Got a quick question about my almera gti(1999) - probably quite simple for most of you but I'm a bit dumb when it comes to cars so hopefully somone can point me in the right direction.

Basically I want to remove the small tray underneath the heating controls and replace it with a standard DIN shaped unit which will carry an lcd display for my mp3 player. My question are:

1) Do I have to pull off the fascia to remove the tray?
2) If so, can I just lever the fascia surround off with a screwdriver or do I need to remove buttons first? I'm a bit worried about breaking anything so an explanation from someone would be much appreciated.

Thanks,

Tony


----------



## Punkrocka436 (Jul 8, 2003)

i'm not positive about an almera, but my sentra you just have to unscrew one screw and use a tiny screwdriver to pry out some clips. The defroster and hazard buttons are attached, but all you have to do is take the harnesses out and it comes right out. 

Takes less than 5 minutes


----------



## *Tone* (Nov 15, 2004)

Thanks,

I'll give that a go and let you know how I get on.
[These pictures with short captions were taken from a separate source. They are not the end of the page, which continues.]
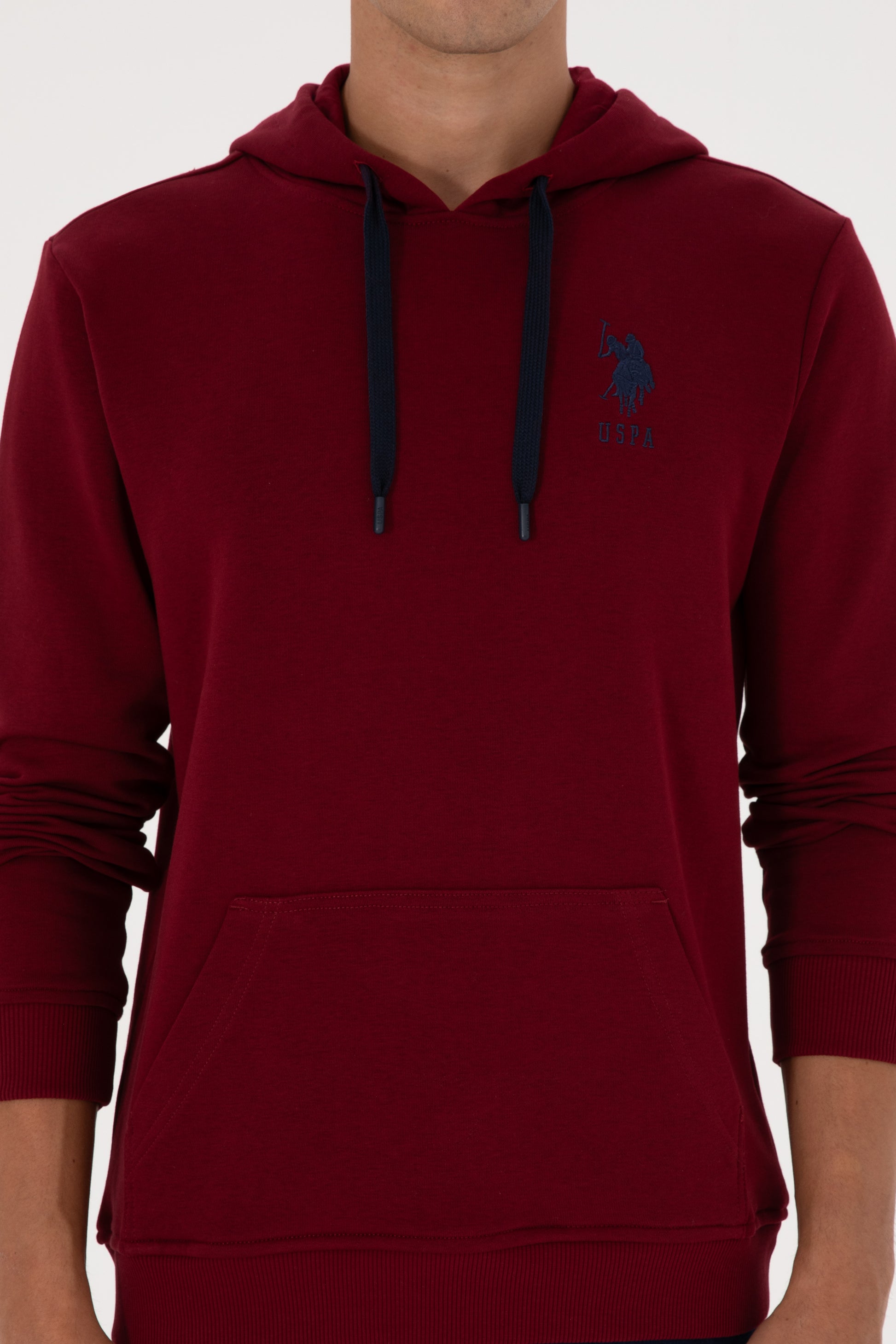 Men's Burgundy Basic Sweatshirt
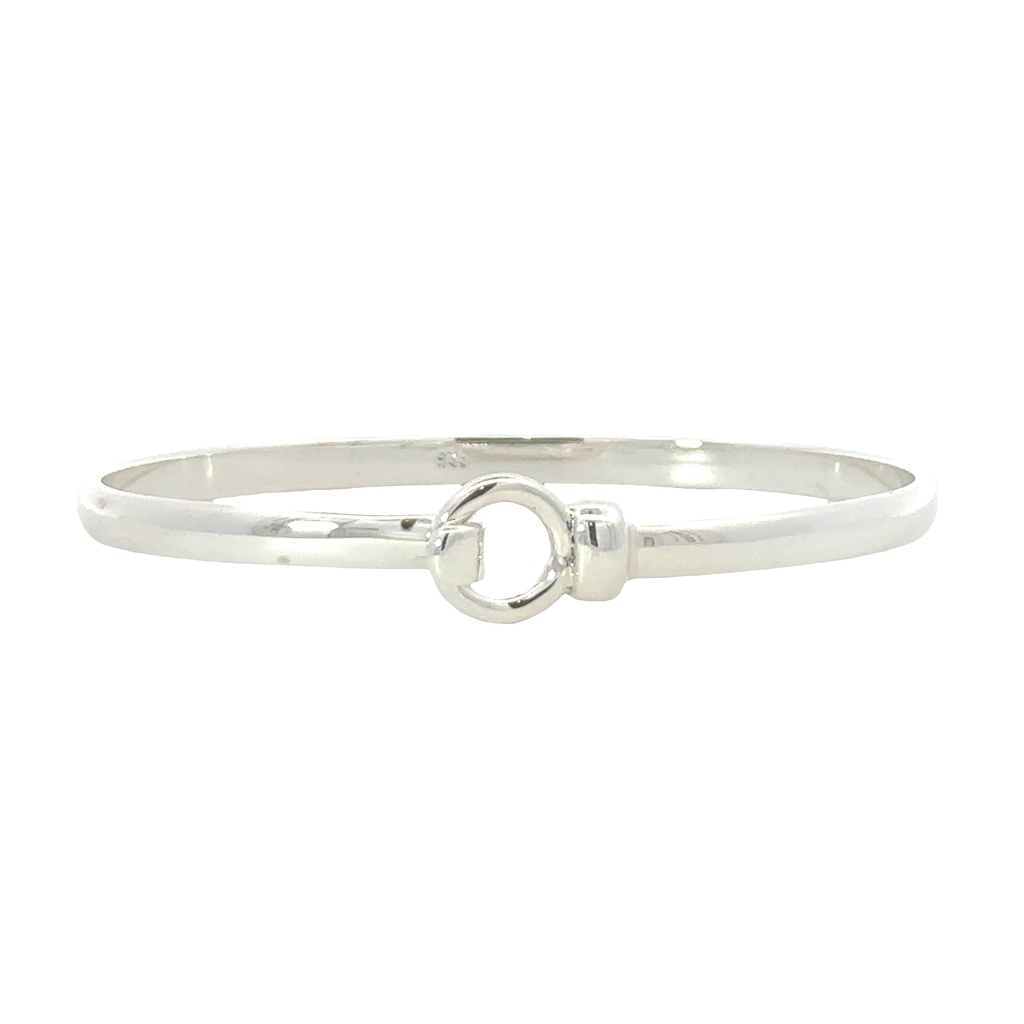 Silver Hook Top Bangle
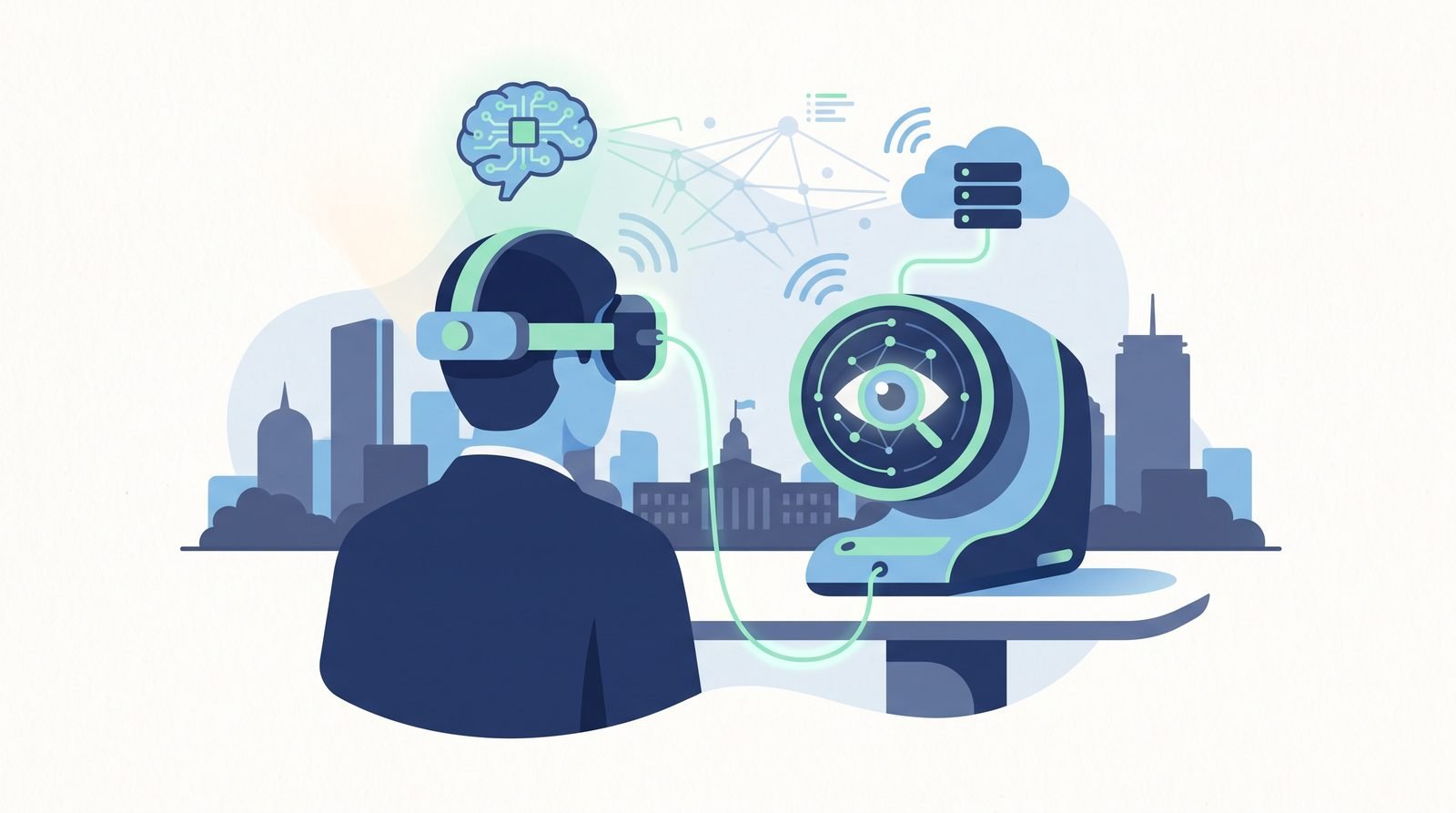 Illustration of RetinAI: A Wearable System for Eye-Tumour Screening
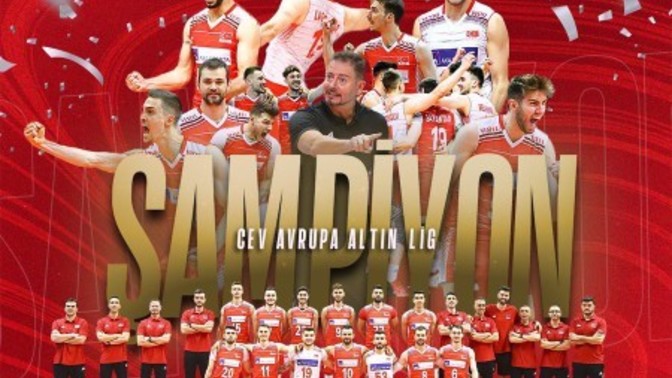 İzlediniz mi voleybol maçını filenin efeleri altın lig şampiyonu oldu tebrikler?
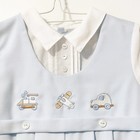 Sarah Louise Boys One Piece Romper Embroidered Train Plane Car 3 Months Nwt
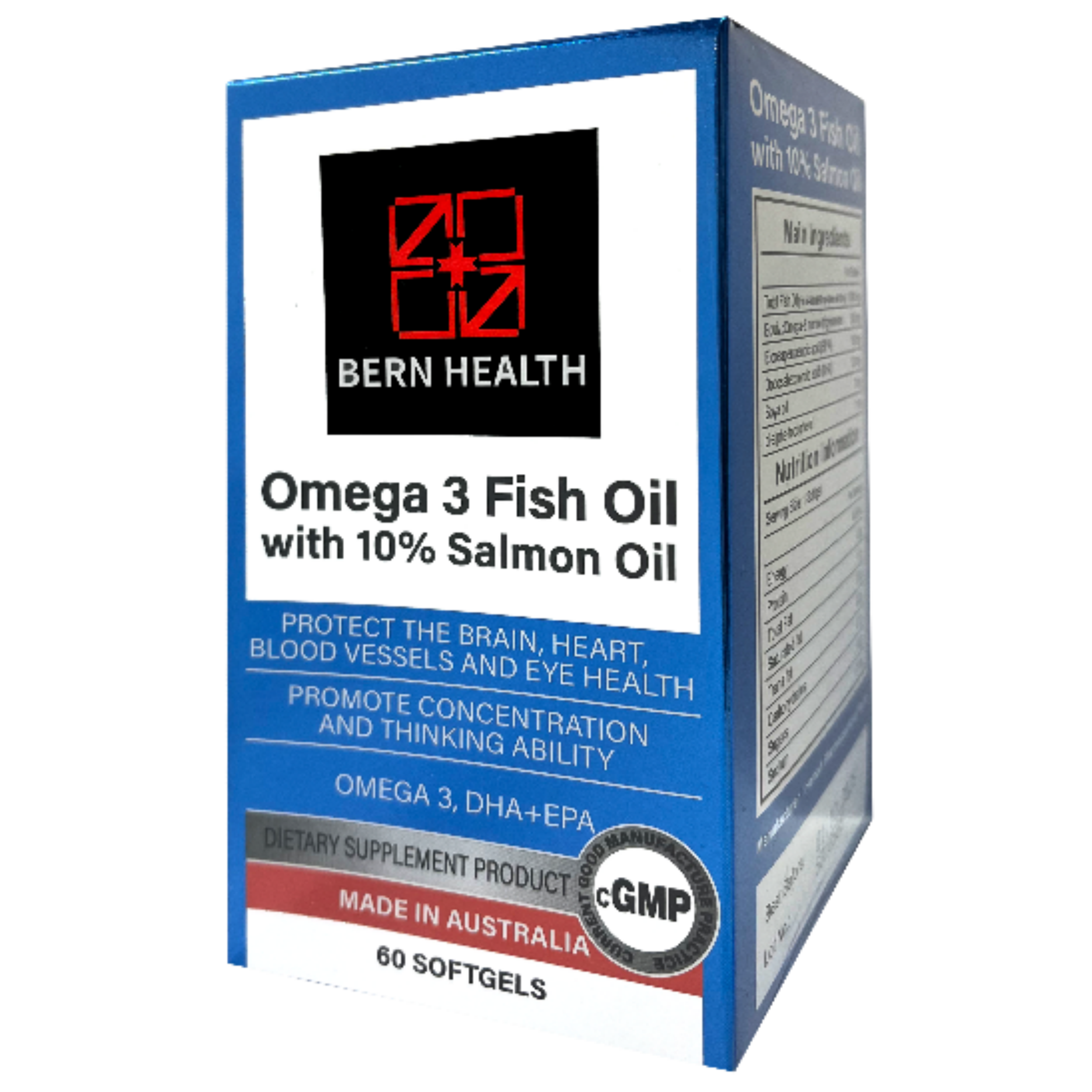 【澳門發貨】Bern Health 優質活緒深海魚油 60粒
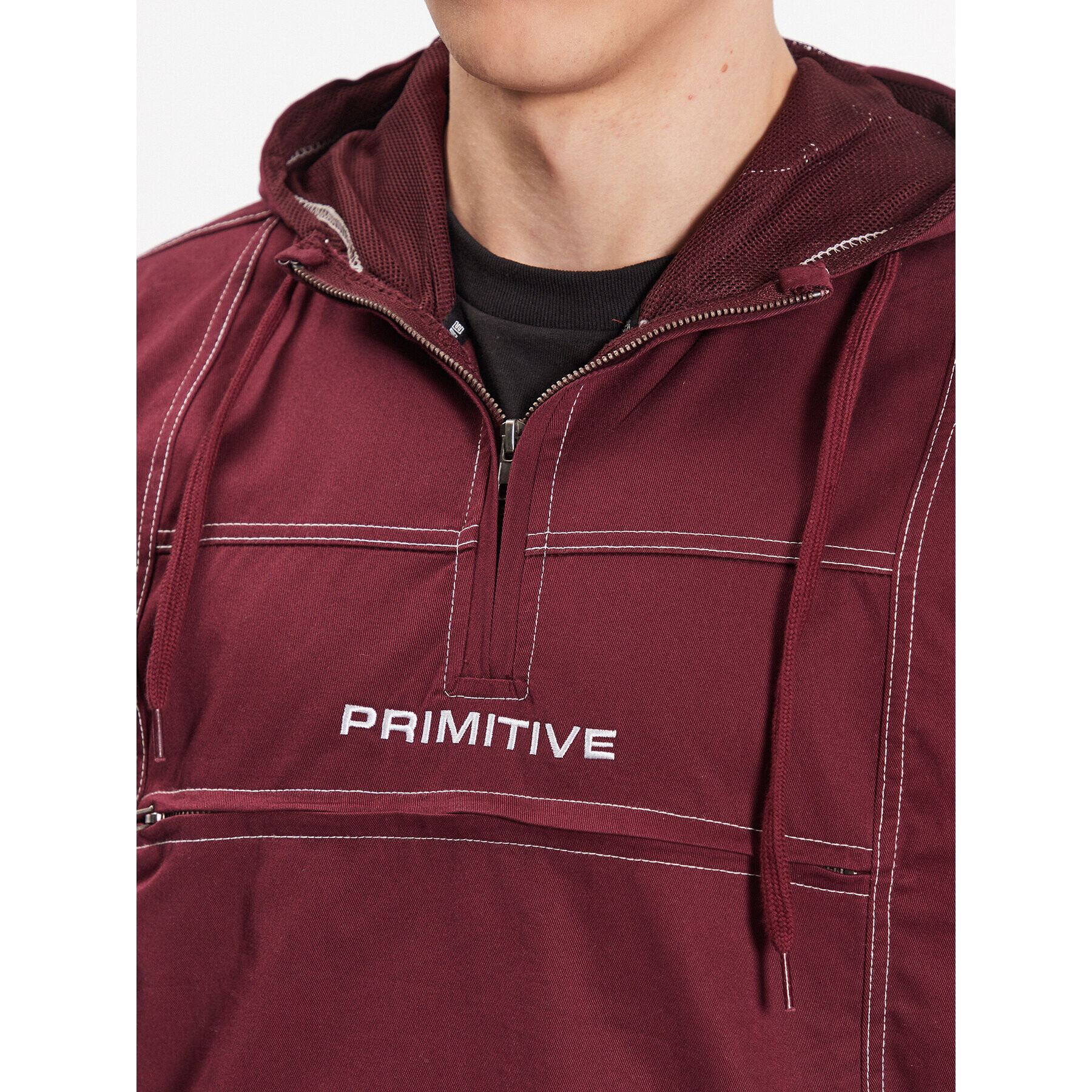 Primitive Anorak Concord PA123106 Bordo rdeča Regular Fit - Pepit.si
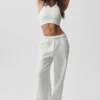 Accolade Straight Leg Sweatpant - White Heather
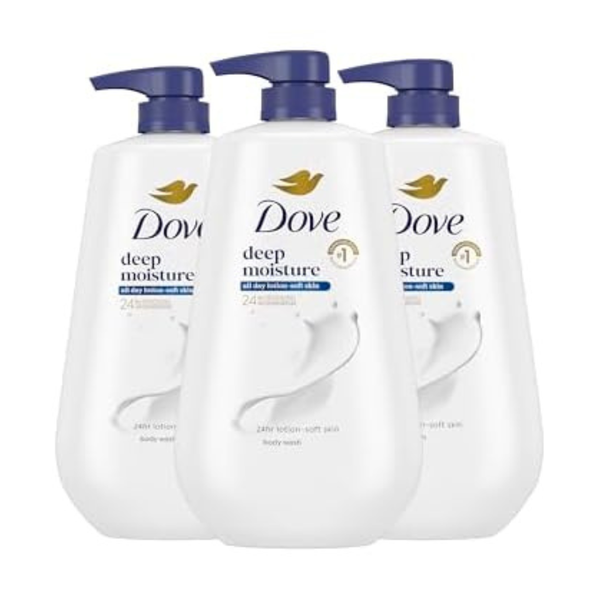3-Pack 30.6-Oz Dove Body Wash With Pumps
When i removed the ashtray I think i noticed a screw there - does that sound similar?

Tony


----------



## Punkrocka436 (Jul 8, 2003)

do you have a pic of your center dash area? that might make it easier on me


----------



## *Tone* (Nov 15, 2004)

Hi,

Can't do my own pic at the moment but this one is pretty similar:

http://www.mariohifi.it/Impianti/Almera/sorgente.jpg

Basically I want to remove the box directly underneath the heating controls - at the very bottom of the pic you can make out the cigarette lighter on the left and the ashtray to the right of that.

Tony


----------